## SOURCE DATA
◆ ◆ ◆ ◆ ◆

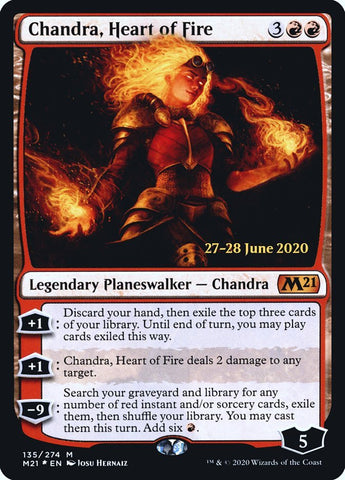 Chandra, Heart of Fire [Core Set 2021 Prerelease Promos] - Bea DnD Games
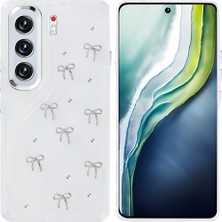 The Gencoo Tecno Camon 40 Pro Kılıf Airbag Tasarımlı Simli Şeffaf Zore Kutup Kapak - Fiyonk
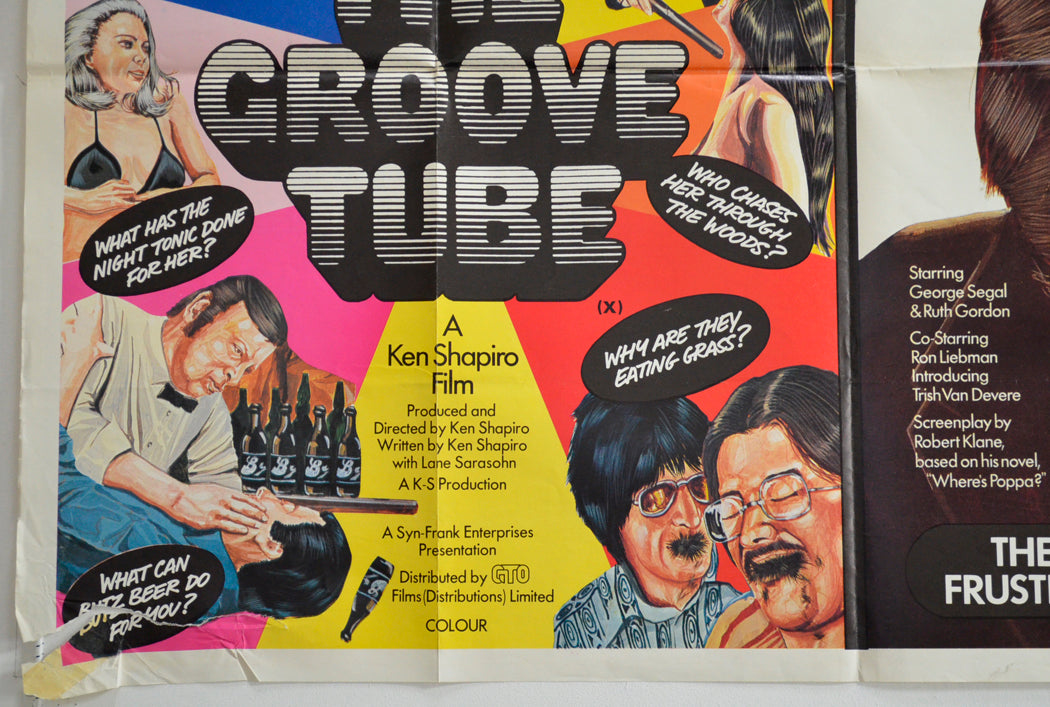 THE GROOVE TUBE / WHERE’S POPPA? (Bottom Left) Cinema Quad Movie Poster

◆ ◆ ◆ ◆ ◆

## PROBLEM TO SOLVE
Please give the data again unaltered, leaving out any images.

## RESULT
 Chandra, Heart of Fire [Core Set 2021 Prerelease Promos] - Bea DnD Games
 The Gencoo Tecno Camon 40 Pro Kılıf Airbag Tasarımlı Simli Şeffaf Zore Kutup Kapak - Fiyonk
 THE GROOVE TUBE / WHERE’S POPPA? (Bottom Left) Cinema Quad Movie Poster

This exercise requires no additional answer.